━━━━━ Records for this task
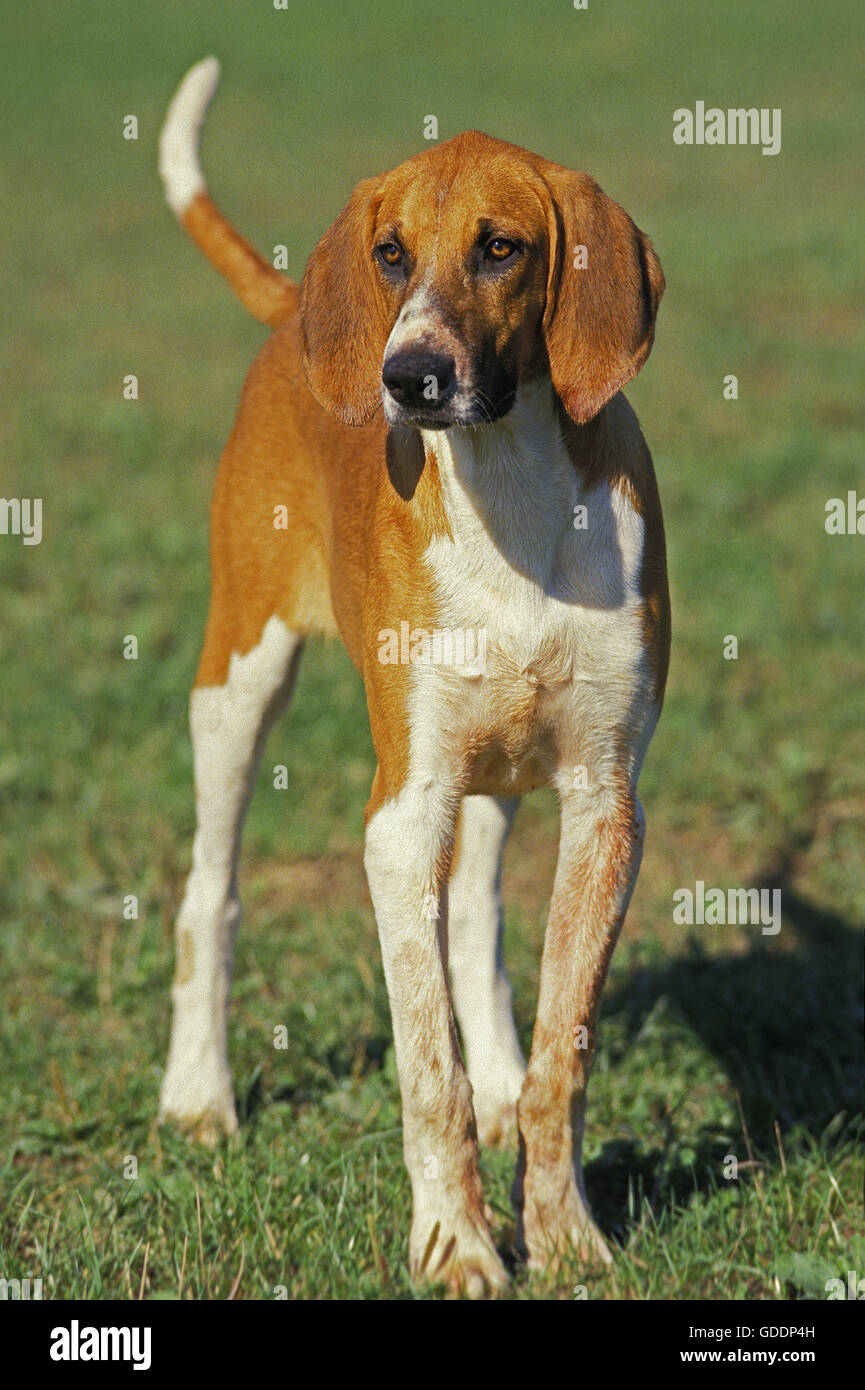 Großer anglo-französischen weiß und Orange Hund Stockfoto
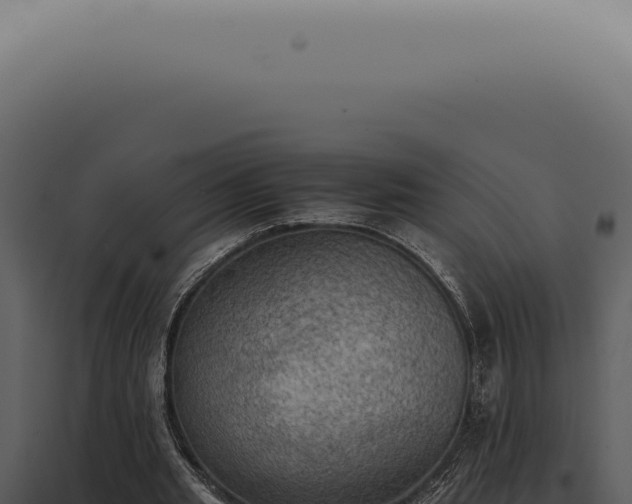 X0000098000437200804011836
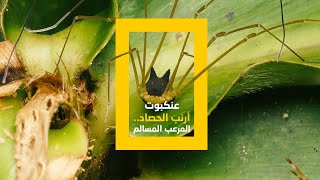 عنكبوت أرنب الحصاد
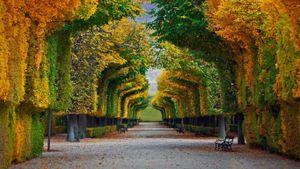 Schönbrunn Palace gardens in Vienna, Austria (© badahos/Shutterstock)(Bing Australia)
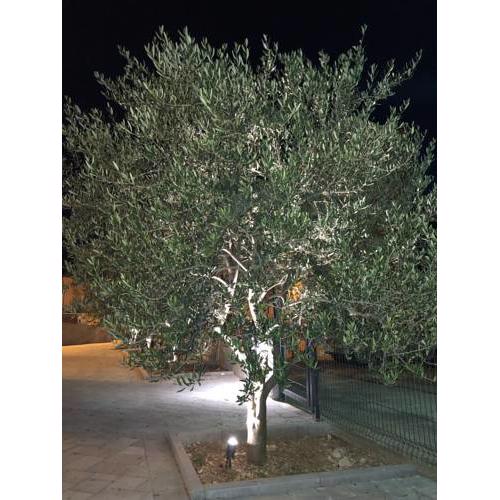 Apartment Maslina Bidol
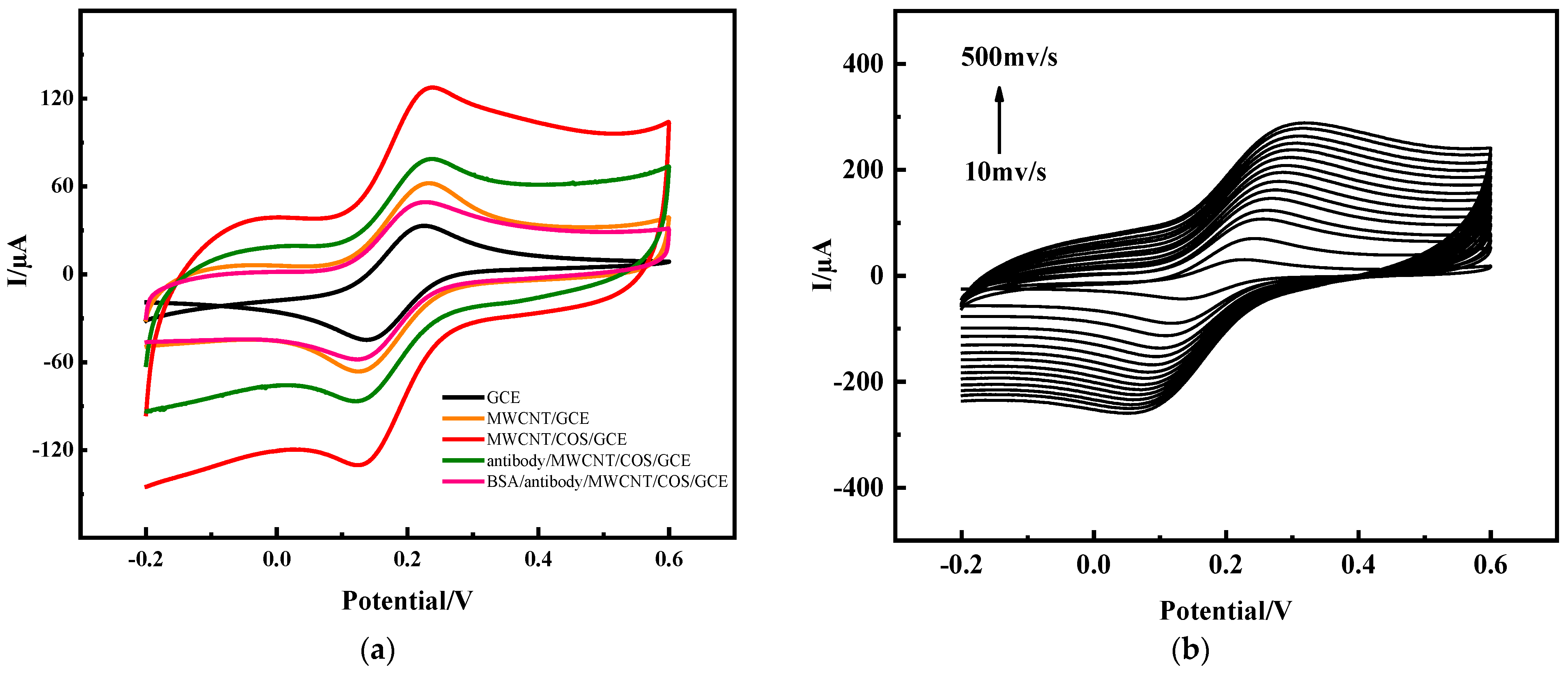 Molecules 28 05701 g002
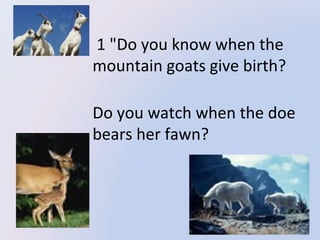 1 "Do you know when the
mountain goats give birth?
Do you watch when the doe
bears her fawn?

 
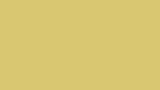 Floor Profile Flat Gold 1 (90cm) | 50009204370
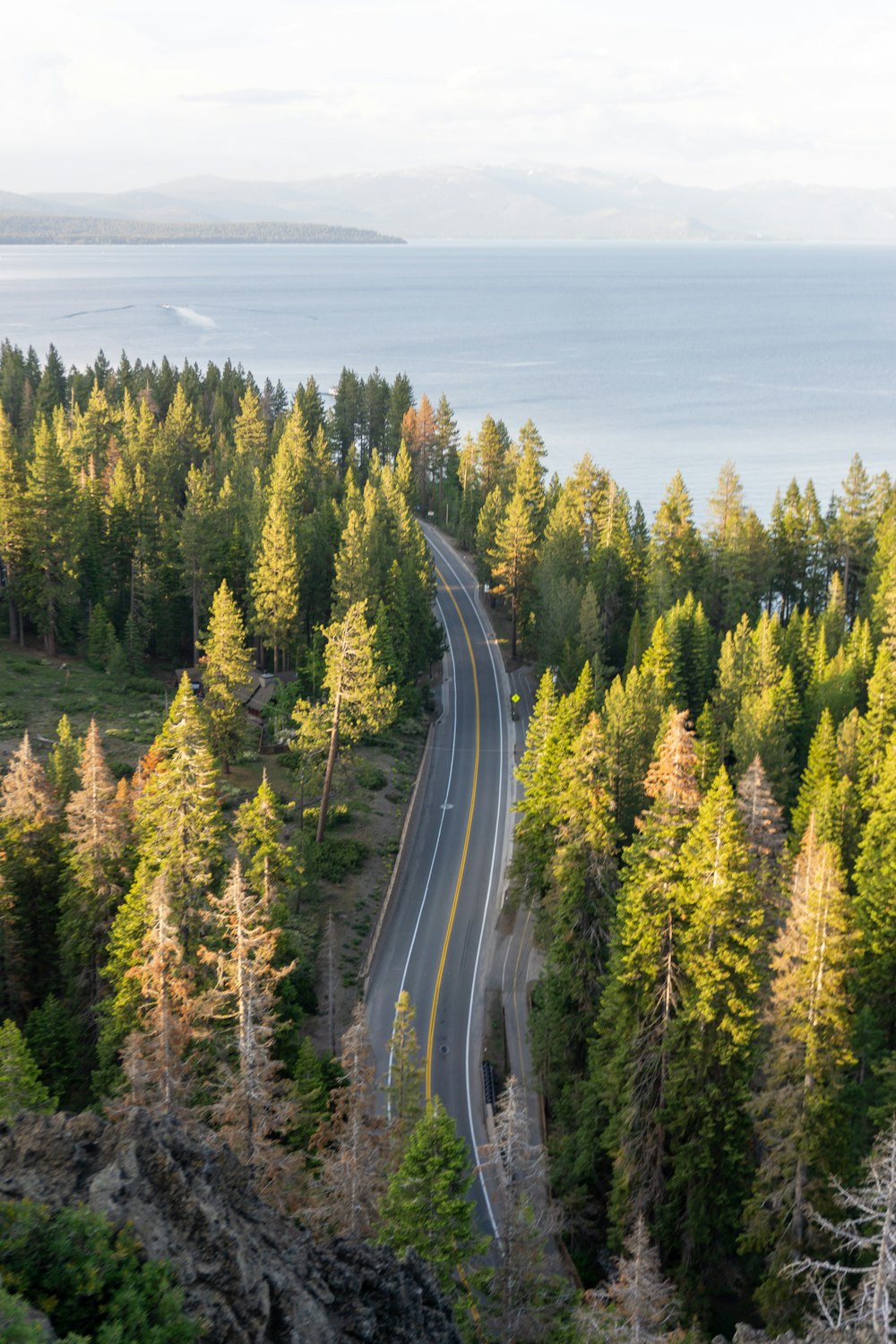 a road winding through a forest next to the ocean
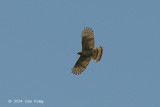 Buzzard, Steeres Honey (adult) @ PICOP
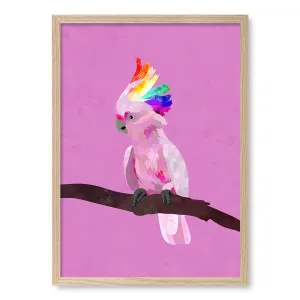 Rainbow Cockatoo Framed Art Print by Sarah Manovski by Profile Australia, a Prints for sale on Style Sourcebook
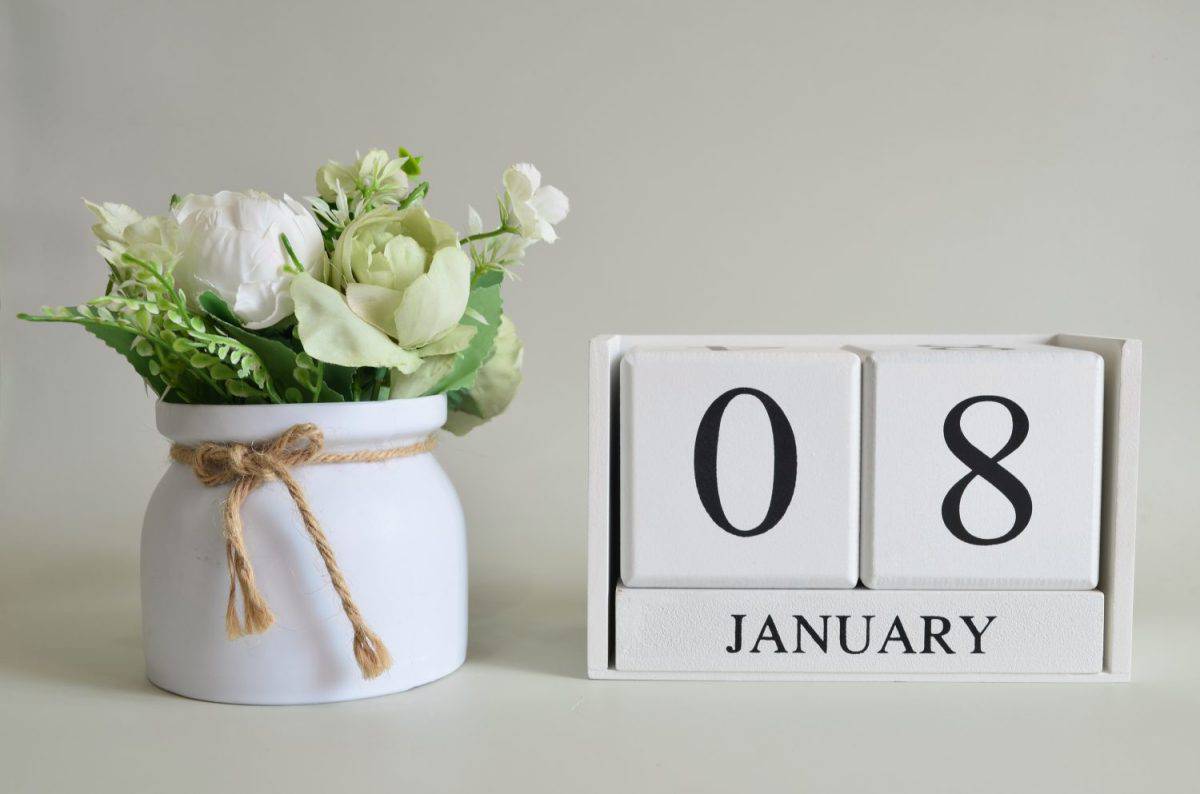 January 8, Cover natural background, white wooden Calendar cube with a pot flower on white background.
━━━━━━━━━━
=== Exercise details ===
Give back the whole listing exactly as it stands. Drop every picture.

=== Answer section ===
 Großer anglo-französischen weiß und Orange Hund Stockfoto
 X0000098000437200804011836
 عنكبوت أرنب الحصاد
 Schönbrunn Palace gardens in Vienna, Austria (© badahos/Shutterstock)(Bing Australia)
 Apartment Maslina Bidol
 Molecules 28 05701 g002
 1 "Do you know when the
mountain goats give birth?
Do you watch when the doe
bears her fawn?

 
 Floor Profile Flat Gold 1 (90cm) | 50009204370
 a road winding through a forest next to the ocean
 Buzzard, Steeres Honey (adult) @ PICOP
 Rainbow Cockatoo Framed Art Print by Sarah Manovski by Profile Australia, a Prints for sale on Style Sourcebook
 January 8, Cover natural background, white wooden Calendar cube with a pot flower on white background.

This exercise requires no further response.